If by "need", you mean "need to survive", you could survive your entire life just by drinking human milk. By not eating plants, you'd be improving animal welfare even more, since agriculture kills many more animals than grazing-based animal husbandry (think all the pests that are eliminated: the rodents, insects, etc.)
As I began in my second paragraph above, people do need to eat something. Right now that means sacrifice the environment if we want to keep everyone alive in the short term.
Long term we could have farming that has zero environmental impact, like vertical farming with fully contained and controlled environment. It would cost huge amount of money and with the current economical system it would be impossible to feed everyone on the planet, but the technology is technically there.
Right now however, a person should to take into account the environmental impact that different food has. Going into a store and buying a avocado will leave the buyer with some blood on their hands. They can try to reduce the amount of blood by making a difference choice depending on how a specific food is produced, but it will be more complex than just looking if it contains meat.
Plant-based meals require far fewer resources and is cheaper, which means maintaining societal stability when resources are becoming low - as there is more to go around.
A lot of farm land is being used to grow foods for livestock. We could use that land to grow food for ourselves.
There would be far less suffering if we all lived on a plant-based diet. As well it would help in the fight against climate change, reducing environmental impacts.
If your concern is feeding as many people as possible, wouldn’t it be best to ditch animals altogether? I would imagine that it’s more energy intensive to go from plants to animals to food than to go directly from plants to food.
I do think the need part comes into play when you take into consideration resource constraints. If we end up poisoning the Earth beyond its ability to support life with rising demand for meat, we might need to stop.
One needs to kill much less plants if one avoids anymal products.
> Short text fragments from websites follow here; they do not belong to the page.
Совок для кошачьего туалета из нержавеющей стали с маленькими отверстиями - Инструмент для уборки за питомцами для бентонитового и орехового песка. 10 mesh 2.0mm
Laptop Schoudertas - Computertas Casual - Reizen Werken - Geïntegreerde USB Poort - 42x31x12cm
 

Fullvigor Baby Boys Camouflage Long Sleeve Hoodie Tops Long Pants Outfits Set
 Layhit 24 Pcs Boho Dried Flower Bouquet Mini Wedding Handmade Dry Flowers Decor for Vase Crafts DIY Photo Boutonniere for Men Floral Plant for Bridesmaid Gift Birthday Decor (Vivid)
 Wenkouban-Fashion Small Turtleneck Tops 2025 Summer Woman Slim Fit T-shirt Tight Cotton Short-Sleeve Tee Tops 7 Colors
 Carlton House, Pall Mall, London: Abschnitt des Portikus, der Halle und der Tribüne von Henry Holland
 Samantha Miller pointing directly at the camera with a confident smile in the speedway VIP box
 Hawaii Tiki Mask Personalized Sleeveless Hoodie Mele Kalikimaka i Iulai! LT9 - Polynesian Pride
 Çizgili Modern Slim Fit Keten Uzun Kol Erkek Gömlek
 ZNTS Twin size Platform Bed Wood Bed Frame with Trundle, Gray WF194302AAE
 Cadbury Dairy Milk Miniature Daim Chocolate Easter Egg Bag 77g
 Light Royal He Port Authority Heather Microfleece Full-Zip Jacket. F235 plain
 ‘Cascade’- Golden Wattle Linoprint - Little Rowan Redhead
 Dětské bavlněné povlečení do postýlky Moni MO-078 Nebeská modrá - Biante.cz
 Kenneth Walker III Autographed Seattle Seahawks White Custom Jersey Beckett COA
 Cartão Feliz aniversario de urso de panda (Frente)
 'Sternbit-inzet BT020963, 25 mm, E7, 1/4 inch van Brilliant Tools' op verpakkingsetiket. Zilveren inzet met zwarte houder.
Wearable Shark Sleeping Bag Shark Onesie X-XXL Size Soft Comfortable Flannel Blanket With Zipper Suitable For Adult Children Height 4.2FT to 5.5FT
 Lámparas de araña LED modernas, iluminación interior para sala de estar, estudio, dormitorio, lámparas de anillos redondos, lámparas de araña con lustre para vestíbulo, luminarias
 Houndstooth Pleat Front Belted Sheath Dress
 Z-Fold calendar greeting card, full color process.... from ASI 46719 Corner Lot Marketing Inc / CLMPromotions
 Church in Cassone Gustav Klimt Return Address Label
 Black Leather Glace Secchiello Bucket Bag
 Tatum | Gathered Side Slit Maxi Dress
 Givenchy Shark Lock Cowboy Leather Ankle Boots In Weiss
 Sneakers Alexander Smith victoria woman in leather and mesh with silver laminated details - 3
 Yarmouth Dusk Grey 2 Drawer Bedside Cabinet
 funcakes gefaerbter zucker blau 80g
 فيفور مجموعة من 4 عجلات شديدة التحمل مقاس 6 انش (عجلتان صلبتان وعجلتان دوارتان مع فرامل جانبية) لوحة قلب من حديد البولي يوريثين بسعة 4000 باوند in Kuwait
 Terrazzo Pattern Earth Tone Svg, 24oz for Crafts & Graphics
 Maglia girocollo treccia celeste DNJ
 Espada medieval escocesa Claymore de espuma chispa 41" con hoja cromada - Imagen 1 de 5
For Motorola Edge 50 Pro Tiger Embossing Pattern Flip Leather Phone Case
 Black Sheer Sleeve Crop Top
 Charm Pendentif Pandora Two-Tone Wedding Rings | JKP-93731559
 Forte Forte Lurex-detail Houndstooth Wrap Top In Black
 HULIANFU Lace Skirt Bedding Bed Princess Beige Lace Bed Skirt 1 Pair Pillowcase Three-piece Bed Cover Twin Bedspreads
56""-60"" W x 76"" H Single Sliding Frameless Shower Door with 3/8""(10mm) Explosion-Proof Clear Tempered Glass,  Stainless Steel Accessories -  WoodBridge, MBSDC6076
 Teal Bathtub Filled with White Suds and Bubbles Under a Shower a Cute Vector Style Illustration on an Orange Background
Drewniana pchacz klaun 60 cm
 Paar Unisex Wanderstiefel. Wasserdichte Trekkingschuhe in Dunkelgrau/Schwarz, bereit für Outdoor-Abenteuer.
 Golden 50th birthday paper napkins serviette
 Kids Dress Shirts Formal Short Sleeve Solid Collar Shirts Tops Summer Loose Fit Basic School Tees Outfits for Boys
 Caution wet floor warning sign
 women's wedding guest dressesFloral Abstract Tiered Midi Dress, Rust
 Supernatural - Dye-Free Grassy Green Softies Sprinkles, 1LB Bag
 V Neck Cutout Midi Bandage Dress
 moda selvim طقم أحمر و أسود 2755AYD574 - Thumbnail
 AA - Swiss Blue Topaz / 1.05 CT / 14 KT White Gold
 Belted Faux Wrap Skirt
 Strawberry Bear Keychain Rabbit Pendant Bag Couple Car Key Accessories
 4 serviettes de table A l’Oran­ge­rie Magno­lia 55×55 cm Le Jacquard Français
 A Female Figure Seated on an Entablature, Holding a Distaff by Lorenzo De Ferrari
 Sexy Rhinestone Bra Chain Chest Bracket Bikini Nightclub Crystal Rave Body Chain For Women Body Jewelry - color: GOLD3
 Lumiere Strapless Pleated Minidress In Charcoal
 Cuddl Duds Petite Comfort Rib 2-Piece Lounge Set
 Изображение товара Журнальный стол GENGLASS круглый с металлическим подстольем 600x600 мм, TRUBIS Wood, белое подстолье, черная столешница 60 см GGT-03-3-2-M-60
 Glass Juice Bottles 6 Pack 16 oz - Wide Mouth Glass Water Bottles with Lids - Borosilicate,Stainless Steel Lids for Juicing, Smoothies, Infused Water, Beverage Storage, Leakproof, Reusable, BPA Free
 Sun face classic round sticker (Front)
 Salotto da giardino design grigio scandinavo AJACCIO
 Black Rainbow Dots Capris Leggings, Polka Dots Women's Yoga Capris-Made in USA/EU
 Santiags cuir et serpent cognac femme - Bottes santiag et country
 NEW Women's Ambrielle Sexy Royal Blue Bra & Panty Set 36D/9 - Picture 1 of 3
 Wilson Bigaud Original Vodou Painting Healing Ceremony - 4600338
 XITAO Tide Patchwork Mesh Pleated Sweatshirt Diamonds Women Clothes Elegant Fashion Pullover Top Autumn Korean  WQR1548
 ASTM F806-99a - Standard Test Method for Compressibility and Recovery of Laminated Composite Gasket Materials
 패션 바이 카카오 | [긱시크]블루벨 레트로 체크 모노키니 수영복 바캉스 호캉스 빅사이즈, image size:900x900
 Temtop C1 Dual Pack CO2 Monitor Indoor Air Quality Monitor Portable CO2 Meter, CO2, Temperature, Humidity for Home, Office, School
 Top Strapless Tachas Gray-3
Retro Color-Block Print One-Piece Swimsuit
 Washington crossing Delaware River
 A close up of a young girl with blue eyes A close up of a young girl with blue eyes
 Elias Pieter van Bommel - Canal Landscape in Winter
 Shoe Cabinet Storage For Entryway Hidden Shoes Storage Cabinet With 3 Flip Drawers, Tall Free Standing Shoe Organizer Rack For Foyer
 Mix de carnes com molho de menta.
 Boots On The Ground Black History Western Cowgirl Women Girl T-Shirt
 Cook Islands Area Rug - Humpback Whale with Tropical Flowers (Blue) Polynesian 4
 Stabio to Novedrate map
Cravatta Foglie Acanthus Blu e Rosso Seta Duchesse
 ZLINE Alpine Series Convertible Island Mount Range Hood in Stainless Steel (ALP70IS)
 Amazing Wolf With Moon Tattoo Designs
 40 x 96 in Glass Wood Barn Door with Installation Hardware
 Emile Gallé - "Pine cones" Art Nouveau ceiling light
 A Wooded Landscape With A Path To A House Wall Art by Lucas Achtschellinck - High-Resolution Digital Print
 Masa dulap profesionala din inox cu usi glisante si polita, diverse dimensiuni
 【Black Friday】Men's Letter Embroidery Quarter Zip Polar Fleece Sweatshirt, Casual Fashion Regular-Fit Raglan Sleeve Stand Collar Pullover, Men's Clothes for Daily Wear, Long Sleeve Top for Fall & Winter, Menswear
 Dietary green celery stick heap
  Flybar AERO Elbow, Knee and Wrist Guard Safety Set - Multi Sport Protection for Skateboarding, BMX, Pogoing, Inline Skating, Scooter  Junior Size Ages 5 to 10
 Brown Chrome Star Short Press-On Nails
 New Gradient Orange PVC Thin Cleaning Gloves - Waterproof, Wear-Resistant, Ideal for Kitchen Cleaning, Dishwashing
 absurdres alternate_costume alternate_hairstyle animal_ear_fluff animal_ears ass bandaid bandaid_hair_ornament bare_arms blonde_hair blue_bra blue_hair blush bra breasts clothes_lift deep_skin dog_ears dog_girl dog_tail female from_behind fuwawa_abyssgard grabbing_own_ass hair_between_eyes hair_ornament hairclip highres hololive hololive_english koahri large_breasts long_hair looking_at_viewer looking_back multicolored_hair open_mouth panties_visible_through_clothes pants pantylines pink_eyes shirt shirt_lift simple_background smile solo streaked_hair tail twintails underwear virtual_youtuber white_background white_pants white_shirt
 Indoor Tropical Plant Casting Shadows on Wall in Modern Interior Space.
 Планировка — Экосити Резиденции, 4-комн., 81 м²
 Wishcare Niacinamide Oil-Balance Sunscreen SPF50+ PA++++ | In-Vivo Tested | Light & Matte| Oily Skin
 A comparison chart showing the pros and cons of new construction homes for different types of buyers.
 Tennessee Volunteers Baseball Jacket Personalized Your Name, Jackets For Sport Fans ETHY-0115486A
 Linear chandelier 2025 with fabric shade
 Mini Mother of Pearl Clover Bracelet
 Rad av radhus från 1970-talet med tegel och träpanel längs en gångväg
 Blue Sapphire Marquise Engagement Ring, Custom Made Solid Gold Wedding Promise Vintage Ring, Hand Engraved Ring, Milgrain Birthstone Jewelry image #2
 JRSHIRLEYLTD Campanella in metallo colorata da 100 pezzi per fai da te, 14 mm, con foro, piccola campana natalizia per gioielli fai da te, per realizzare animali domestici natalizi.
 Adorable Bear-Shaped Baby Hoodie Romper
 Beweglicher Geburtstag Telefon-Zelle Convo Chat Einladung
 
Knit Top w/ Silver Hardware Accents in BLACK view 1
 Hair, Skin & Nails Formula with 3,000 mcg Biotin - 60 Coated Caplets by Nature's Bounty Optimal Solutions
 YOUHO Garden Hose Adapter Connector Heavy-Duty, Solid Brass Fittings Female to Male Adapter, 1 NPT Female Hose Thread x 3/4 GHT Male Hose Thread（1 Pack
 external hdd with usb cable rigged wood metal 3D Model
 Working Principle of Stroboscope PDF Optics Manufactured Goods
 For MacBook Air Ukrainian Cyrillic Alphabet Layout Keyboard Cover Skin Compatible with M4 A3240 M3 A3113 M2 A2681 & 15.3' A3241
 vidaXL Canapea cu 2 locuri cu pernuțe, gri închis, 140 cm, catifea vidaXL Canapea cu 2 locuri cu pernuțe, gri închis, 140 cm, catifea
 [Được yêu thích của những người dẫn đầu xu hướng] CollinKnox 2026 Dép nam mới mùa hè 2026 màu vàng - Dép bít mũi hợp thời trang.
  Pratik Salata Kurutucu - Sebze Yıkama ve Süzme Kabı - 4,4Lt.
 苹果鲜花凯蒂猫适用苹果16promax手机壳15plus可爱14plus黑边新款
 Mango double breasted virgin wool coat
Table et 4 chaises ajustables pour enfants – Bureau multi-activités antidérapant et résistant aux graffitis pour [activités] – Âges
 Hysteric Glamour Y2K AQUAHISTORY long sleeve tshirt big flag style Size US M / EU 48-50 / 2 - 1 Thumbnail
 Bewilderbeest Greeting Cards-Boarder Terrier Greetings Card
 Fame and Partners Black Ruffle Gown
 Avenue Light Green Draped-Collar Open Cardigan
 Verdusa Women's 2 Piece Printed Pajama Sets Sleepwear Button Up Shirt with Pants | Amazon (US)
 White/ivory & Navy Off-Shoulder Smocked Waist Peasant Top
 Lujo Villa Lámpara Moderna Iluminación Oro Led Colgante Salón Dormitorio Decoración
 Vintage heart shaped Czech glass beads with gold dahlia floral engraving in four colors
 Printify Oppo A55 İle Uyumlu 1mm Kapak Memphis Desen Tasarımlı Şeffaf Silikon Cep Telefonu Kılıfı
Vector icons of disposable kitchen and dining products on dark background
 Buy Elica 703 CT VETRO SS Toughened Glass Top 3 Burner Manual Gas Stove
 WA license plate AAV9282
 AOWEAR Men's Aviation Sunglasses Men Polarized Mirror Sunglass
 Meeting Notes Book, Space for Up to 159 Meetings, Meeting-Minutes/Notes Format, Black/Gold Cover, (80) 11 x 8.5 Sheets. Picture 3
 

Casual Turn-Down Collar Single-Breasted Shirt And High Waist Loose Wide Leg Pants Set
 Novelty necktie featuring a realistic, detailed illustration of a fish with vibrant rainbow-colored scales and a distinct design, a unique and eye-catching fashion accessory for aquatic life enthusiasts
Cows, pigs, dogs etc. are very inefficient at converting plants they consume into flesh that can be eaten.
You technically don’t need them if people would consume reasonable amount of animal products, which they don’t. In the actual real world we all live in the vast majority of meat comes from factory farms whose entire existence relies on feed crops and antibiotics abuse.
And feed crops are often from questionable origins.
From an environmental perspective, we actually do need to eat meat, just not the cow. Humans can't eat the only plants which can grow in marginal land areas, whereas goats and other hardy livestock can and then themselves be eaten by humans.
So the optimal diet to feed the world sustainably, currently, includes animal protein. Pure vegan is a luxury choice under that model.
We also dramatically increase the amount of plants we need to grow by feeding so much grass and grain to live stock. We can reduce the footprint of eating plants and hurting animals by not farming livestock for meat at all. It would be a net win, even with the incidental damage done by farming vegetables/grains/etc.
Do you understand the sheer amount of effort mankind must spend on soil engineering, irrigation, fertilizers and genetic engineering just to make grains that can feed people?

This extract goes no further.